_The problem_
When you transcribe the listing that follows, keep every line exact and skip any picture.
Input data: Begin
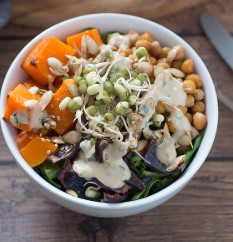 ### Butternut Squash Buddha Bowl Recipe A **Butternut Squash Buddha Bowl** is a delicious, vibrant, and nourishing meal that incorporates a variety of textures and flavors. It’s the perfect combination of roasted butternut squash, fresh veggies, grains, legumes, and a flavorful dressing. This dish is a great option for a nutritious lunch or dinner, and can easily be customized to suit different dietary preferences, including vegan and gluten-free. Here's a detailed recipe to make a hearty **Butternut Squash Buddha Bowl**: --- ### **Ingredients:** #### For the roasted butternut squash: - 1 medium-sized butternut squash, peeled, deseeded, and cut into cubes - 1 tbsp olive oil - 1 tsp ground cinnamon - 1/2 tsp ground nutmeg - 1/4 tsp ground cumin - Salt and pepper to taste #### For the base: - 1 cup cooked quinoa (or rice, farro, or another grain of your choice) - 1 cup cooked chickpeas (or another legume like black beans or lentils) #### Fresh veggies: - 1/2 cup shredded red cabbage - 1 cup spinach or kale, chopped - 1 small avocado, sliced - 1/2 cucumber, thinly sliced - 1/4 cup cherry tomatoes, halved - 1/4 cup grated carrots #### For the dressing (Tahini Lemon Dressing): - 2 tbsp tahini - 1 tbsp lemon juice - 1 tbsp olive oil - 1 tsp maple syrup or honey (optional) - 1-2 tbsp water to thin the dressing - Salt and pepper to taste - 1/2 tsp garlic powder (optional) #### Optional toppings: - Toasted pumpkin seeds, sesame seeds, or sunflower seeds - Fresh cilantro or parsley - Red pepper flakes for heat (optional) --- ### **Instructions:** #### **Step 1: Roast the Butternut Squash** 1. **Preheat the oven** to 400°F (200°C). 2. **Prepare the butternut squash**: Peel, deseed, and chop the butternut squash into bite-sized cubes. 3. **Season the squash**: In a large bowl, toss the cubed squash with olive oil, cinnamon, nutmeg, cumin, salt, and pepper. Make sure each piece is evenly coated with the spices and oil. 4. **Roast**: Spread the squash cubes in a single layer on a baking sheet. Roast for 25-30 minutes, flipping halfway through, until the squash is tender and lightly browned on the edges. 5. **Remove from the oven** and set aside. #### **Step 2: Prepare the Grain Base** 1. **Cook your grain** (quinoa, rice, farro, or any choice of grain). If you're using quinoa, cook it according to the package instructions (usually 1 part quinoa to 2 parts water, bring to a boil, then simmer for about 15 minutes until water is absorbed). 2. **Cook the chickpeas** (if using canned, drain and rinse them). If you're using dried chickpeas, cook them until tender (this can take 1-1.5 hours). You can also roast them for extra crunch and flavor with olive oil, salt, and spices. #### **Step 3: Prepare Fresh Vegetables** 1. **Chop the fresh veggies**: Shred the red cabbage, chop the spinach or kale, slice the cucumber, and halve the cherry tomatoes. 2. **Slice the avocado** into thin slices and set aside. #### **Step 4: Make the Tahini Lemon Dressing** 1. **Combine tahini, lemon juice, olive oil, and maple syrup (if using)** in a small bowl or jar. 2. **Whisk together** or shake in a jar until smooth. If the dressing is too thick, add 1-2 tablespoons of water until it reaches your desired consistency. 3. **Season with garlic powder**, salt, and pepper, and adjust flavors as needed. #### **Step 5: Assemble the Buddha Bowl** 1. **Start with the grain base**: Spoon your cooked quinoa (or other grains) into bowls as the base of your Buddha bowl. 2. **Add roasted butternut squash**: Place a portion of the roasted butternut squash on top of the grains. 3. **Add chickpeas**: Spoon a generous portion of cooked or roasted chickpeas on top. 4. **Pile on fresh veggies**: Add your shredded cabbage, spinach or kale, cucumber, tomatoes, and grated carrots. 5. **Top with avocado** slices for creaminess. 6. **Drizzle with the tahini lemon dressing**: Pour the dressing generously over the bowl. 7. **Optional toppings**: Sprinkle some toasted seeds or herbs (cilantro or parsley) over the top for added crunch and flavor. You can also add a pinch of red pepper flakes if you prefer a bit of heat. --- ### **Tips for Customization:** - **Add nuts or seeds**: To add a crunchy texture, you can include nuts like almonds, walnuts, or pumpkin seeds. - **Add other roasted veggies**: Feel free to add roasted sweet potatoes, Brussels sprouts, or cauliflower for more variety. - **Switch up the dressing**: If you're not a fan of tahini, you can try a lemon-tahini dressing, or use a simple balsamic vinaigrette or a creamy avocado dressing. - **Make it spicy**: Add chili flakes, sriracha, or hot sauce to give it a spicy kick. - **Make it protein-packed**: Add a boiled egg or grilled chicken to increase the protein content. --- ### **Why This Bowl Is So Great:** 1. **Nutrient-rich**: Packed with vitamins and minerals from the squash, greens, and fresh veggies. 2. **Satisfying and hearty**: The roasted butternut squash and chickpeas provide fiber and plant-based protein, while the avocado adds healthy fats. 3. **Customizable**: You can easily swap ingredients based on what’s in season or available in your pantry. 4. **Balanced meal**: A perfect blend of carbohydrates, proteins, healthy fats, and a wide variety of antioxidants and nutrients. --- ### **Storage and Meal Prep:** - **Storage**: You can store the components of the Buddha bowl (grains, roasted squash, chickpeas, and dressing) separately in airtight containers in the refrigerator for up to 4 days. Keep the fresh veggies and avocado separate until you’re ready to eat. - **Meal Prep**: You can prepare the grains, roasted squash, and chickpeas ahead of time for easy lunches throughout the week. --- ### **Conclusion:** butternut squash buddha bowl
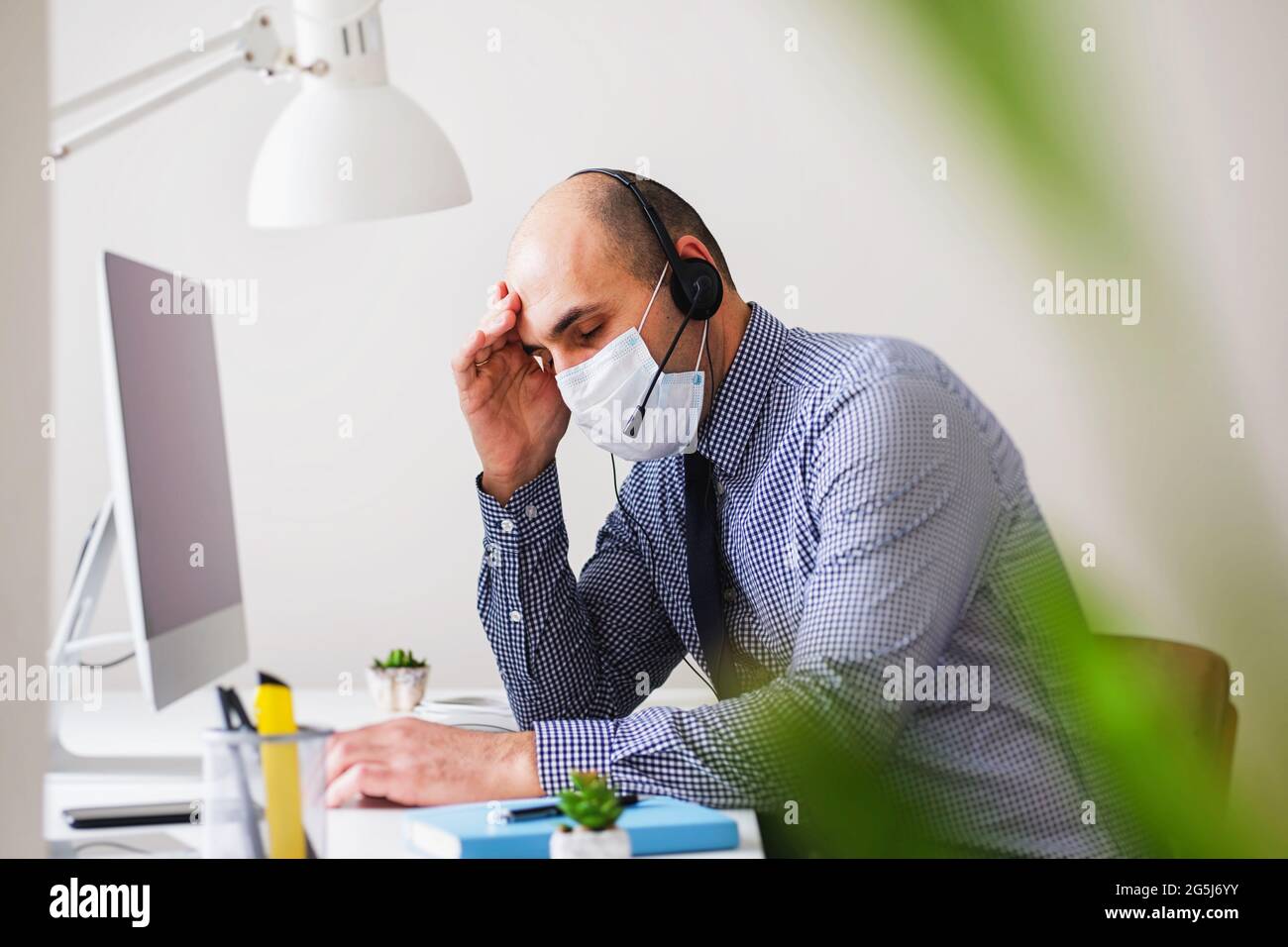 A man in a mask and with a headset suffers from headaches and fatigue - Depression at a call center employee under conditions of coronavirus - Stress Stock Photo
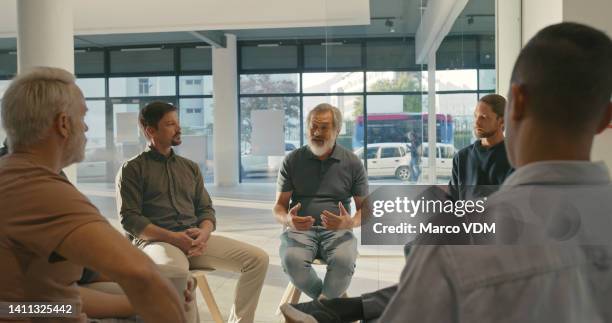 mature man talking and sharing his struggles with addiction at a aa meeting while sitting on chairs during group therapy. diverse male patients getting help and counseling at a rehab facility - addict stock pictures, royalty-free photos & images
Input data: End
_Result_
 ### Butternut Squash Buddha Bowl Recipe A **Butternut Squash Buddha Bowl** is a delicious, vibrant, and nourishing meal that incorporates a variety of textures and flavors. It’s the perfect combination of roasted butternut squash, fresh veggies, grains, legumes, and a flavorful dressing. This dish is a great option for a nutritious lunch or dinner, and can easily be customized to suit different dietary preferences, including vegan and gluten-free. Here's a detailed recipe to make a hearty **Butternut Squash Buddha Bowl**: --- ### **Ingredients:** #### For the roasted butternut squash: - 1 medium-sized butternut squash, peeled, deseeded, and cut into cubes - 1 tbsp olive oil - 1 tsp ground cinnamon - 1/2 tsp ground nutmeg - 1/4 tsp ground cumin - Salt and pepper to taste #### For the base: - 1 cup cooked quinoa (or rice, farro, or another grain of your choice) - 1 cup cooked chickpeas (or another legume like black beans or lentils) #### Fresh veggies: - 1/2 cup shredded red cabbage - 1 cup spinach or kale, chopped - 1 small avocado, sliced - 1/2 cucumber, thinly sliced - 1/4 cup cherry tomatoes, halved - 1/4 cup grated carrots #### For the dressing (Tahini Lemon Dressing): - 2 tbsp tahini - 1 tbsp lemon juice - 1 tbsp olive oil - 1 tsp maple syrup or honey (optional) - 1-2 tbsp water to thin the dressing - Salt and pepper to taste - 1/2 tsp garlic powder (optional) #### Optional toppings: - Toasted pumpkin seeds, sesame seeds, or sunflower seeds - Fresh cilantro or parsley - Red pepper flakes for heat (optional) --- ### **Instructions:** #### **Step 1: Roast the Butternut Squash** 1. **Preheat the oven** to 400°F (200°C). 2. **Prepare the butternut squash**: Peel, deseed, and chop the butternut squash into bite-sized cubes. 3. **Season the squash**: In a large bowl, toss the cubed squash with olive oil, cinnamon, nutmeg, cumin, salt, and pepper. Make sure each piece is evenly coated with the spices and oil. 4. **Roast**: Spread the squash cubes in a single layer on a baking sheet. Roast for 25-30 minutes, flipping halfway through, until the squash is tender and lightly browned on the edges. 5. **Remove from the oven** and set aside. #### **Step 2: Prepare the Grain Base** 1. **Cook your grain** (quinoa, rice, farro, or any choice of grain). If you're using quinoa, cook it according to the package instructions (usually 1 part quinoa to 2 parts water, bring to a boil, then simmer for about 15 minutes until water is absorbed). 2. **Cook the chickpeas** (if using canned, drain and rinse them). If you're using dried chickpeas, cook them until tender (this can take 1-1.5 hours). You can also roast them for extra crunch and flavor with olive oil, salt, and spices. #### **Step 3: Prepare Fresh Vegetables** 1. **Chop the fresh veggies**: Shred the red cabbage, chop the spinach or kale, slice the cucumber, and halve the cherry tomatoes. 2. **Slice the avocado** into thin slices and set aside. #### **Step 4: Make the Tahini Lemon Dressing** 1. **Combine tahini, lemon juice, olive oil, and maple syrup (if using)** in a small bowl or jar. 2. **Whisk together** or shake in a jar until smooth. If the dressing is too thick, add 1-2 tablespoons of water until it reaches your desired consistency. 3. **Season with garlic powder**, salt, and pepper, and adjust flavors as needed. #### **Step 5: Assemble the Buddha Bowl** 1. **Start with the grain base**: Spoon your cooked quinoa (or other grains) into bowls as the base of your Buddha bowl. 2. **Add roasted butternut squash**: Place a portion of the roasted butternut squash on top of the grains. 3. **Add chickpeas**: Spoon a generous portion of cooked or roasted chickpeas on top. 4. **Pile on fresh veggies**: Add your shredded cabbage, spinach or kale, cucumber, tomatoes, and grated carrots. 5. **Top with avocado** slices for creaminess. 6. **Drizzle with the tahini lemon dressing**: Pour the dressing generously over the bowl. 7. **Optional toppings**: Sprinkle some toasted seeds or herbs (cilantro or parsley) over the top for added crunch and flavor. You can also add a pinch of red pepper flakes if you prefer a bit of heat. --- ### **Tips for Customization:** - **Add nuts or seeds**: To add a crunchy texture, you can include nuts like almonds, walnuts, or pumpkin seeds. - **Add other roasted veggies**: Feel free to add roasted sweet potatoes, Brussels sprouts, or cauliflower for more variety. - **Switch up the dressing**: If you're not a fan of tahini, you can try a lemon-tahini dressing, or use a simple balsamic vinaigrette or a creamy avocado dressing. - **Make it spicy**: Add chili flakes, sriracha, or hot sauce to give it a spicy kick. - **Make it protein-packed**: Add a boiled egg or grilled chicken to increase the protein content. --- ### **Why This Bowl Is So Great:** 1. **Nutrient-rich**: Packed with vitamins and minerals from the squash, greens, and fresh veggies. 2. **Satisfying and hearty**: The roasted butternut squash and chickpeas provide fiber and plant-based protein, while the avocado adds healthy fats. 3. **Customizable**: You can easily swap ingredients based on what’s in season or available in your pantry. 4. **Balanced meal**: A perfect blend of carbohydrates, proteins, healthy fats, and a wide variety of antioxidants and nutrients. --- ### **Storage and Meal Prep:** - **Storage**: You can store the components of the Buddha bowl (grains, roasted squash, chickpeas, and dressing) separately in airtight containers in the refrigerator for up to 4 days. Keep the fresh veggies and avocado separate until you’re ready to eat. - **Meal Prep**: You can prepare the grains, roasted squash, and chickpeas ahead of time for easy lunches throughout the week. --- ### **Conclusion:** butternut squash buddha bowl
 A man in a mask and with a headset suffers from headaches and fatigue - Depression at a call center employee under conditions of coronavirus - Stress Stock Photo
 mature man talking and sharing his struggles with addiction at a aa meeting while sitting on chairs during group therapy. diverse male patients getting help and counseling at a rehab facility - addict stock pictures, royalty-free photos & images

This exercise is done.